Refah ve mutluluk mu istersiniz?.. Bunalım ve gerilim mi?
2010’da Türkiye’yi Yönetecek Üçlü:
Erdoğan, Öcalan, Gülen (mi?)
Emre Kongar
Sevgili okurlarım, yeni yılınızın sağlıklı ve başarılı geçmesini dilerim.
2010 yılı ülkemiz için neler getirecek?
Refah ve mutluluk mu?
Bunalım ve gerilim mi?
2009’un nasıl geçtiğini, ne sonuçlar doğurduğunu iyi çözümleyebilirsek, 2010 için tahminde bulunmak kolaylaşabilir.
***
Mehmet Ali Birand, 31 Aralık tarihinde Posta’da, 2009 yılı bakımından önemli saptamalar yaptı.

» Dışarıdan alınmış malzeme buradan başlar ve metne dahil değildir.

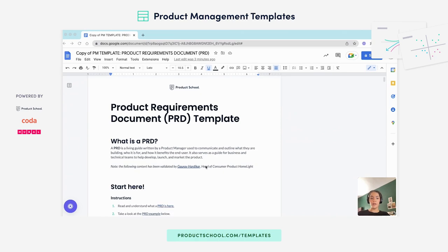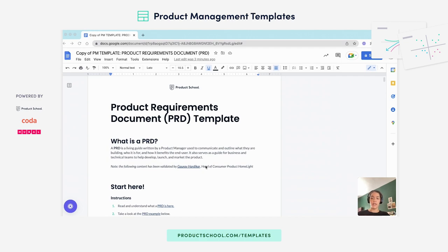Essentially, a PRD document is a living guide written by a PM that's always changing throughout the product process. It is used to communicate and outline what you're building, who you're building it for, and what the added value is.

“2009’un kazananları: Erdoğan, Gülen ve Öcalan…” başlığını taşıyan bu yazıdan bazı satırları siz değerli okurlarımla paylaşmak istiyorum:
“Başbakan, tek başına karar veren ve ülkeyi hemen her konuda tek başına yöneten bir konuma girdi.

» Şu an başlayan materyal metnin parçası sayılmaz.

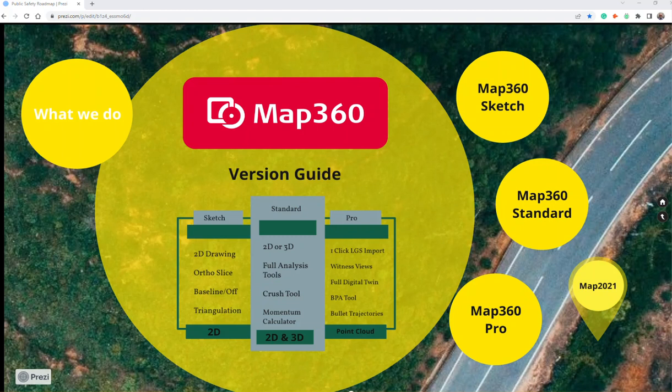Hey, it's Glenn at Leica Public Safety. Today we're going to look at Map360 Pro and specifically how to do bullet trajectory routines in Map360.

…Bürokrasi ve belediyeler, neredeyse tümüyle Ak Parti’nin etkin denetimine girdi…
…Bu çerçevede yargı’nın da bu etki sahasının içine girdiğini belirtmeliyiz.
Kendi zenginini yarattı.
…İş dünyası da Ak Parti’nin kontrolüne girdi. Daha da önemlisi, parti kendi zenginlerini yarattı.
…Aydın Doğan’a uygulanan vergi cezası, muhalif iş çevrelerini korkuttu, pıstırdı. Seslerini çıkaramaz duruma soktu.
Kendi medyasını kurdu.
Şimdiye kadar hiçbir iktidara nasip olmayacak sayıda ve genişlikte, Ak Parti iktidarına destek veren gazete-tv kanalına sahip oldu. Muhalif medya ise açıkça ürktü. Bunun sonucunda, Ak Parti medya üzerinde de son derece yaygın bir kontrol oluşturabildi.
TSK ile ilişkilerde de, Erdoğan şimdiye kadar hiçbir iktidarda görülmemiş oranda dengeleri dönüştürdü.
…Erdoğan’dan çekinen … bir Genelkurmay görüntüsü doğdu.
…2009’un ikinci “kazananı” ise Abdullah Öcalan oldu.
…Kürt Sorunu-PKK terörü sürecinde, onsuz hiçbir şey yapılamayacağını ispat etti.
…Amerika’da tedavisini sürdürmesine rağmen, Gülen’e gönül vermiş olan cemaat, ülkenin bürokrasisinde ve çeşitli kurumlarındaki ağırlıklarını büyük oranda arttırdılar.
…Ak Parti ile kader birliğini sürdürüyorlar. Ak Parti sayesinde, eski asker ve yargı baskısından kurtulduklarından dolayı da, artık çok daha kolaylıkla hareket edebiliyorlar.
…Poliste, Silahlı Kuvvetler’de, medyada ve bürokrasideki yapılanmalarının gerçek mi, yoksa bir şehir efsanesi mi olduğu, bir türlü tam anlamıyla bilinmez. Buna rağmen, genel olarak 2009 yılında Cemaat’in etkinliği kabul edilen bir unsur oldu.”
***
Birand, 1 Ocak 2010’da da 2009’un “Kaybedenlerini” yazdı.
Listesi şöyle:
İşsiz kalan vatandaşlarımız.
Ulusalcı cephe.
DTP.
Medya.
Avrupa Birliği.
İsrail.
***
Birand’ın saptamaları ilginç.
Kazanan ve kaybedenlere başka bazı maddeler de eklenebilir ama bu listeler esas itibarıyla 2009’un nasıl geçtiği hakkında gerçekçi bir izlenim veriyor.
Birand’ın saptamaları çerçevesinde 2010 yılında ciddi sorunlar yaşayacağımızı kestirmek için kâhin olmaya gerek yok.
Dilerim bu sorunları çok fazla bedel ödemeden aşarız!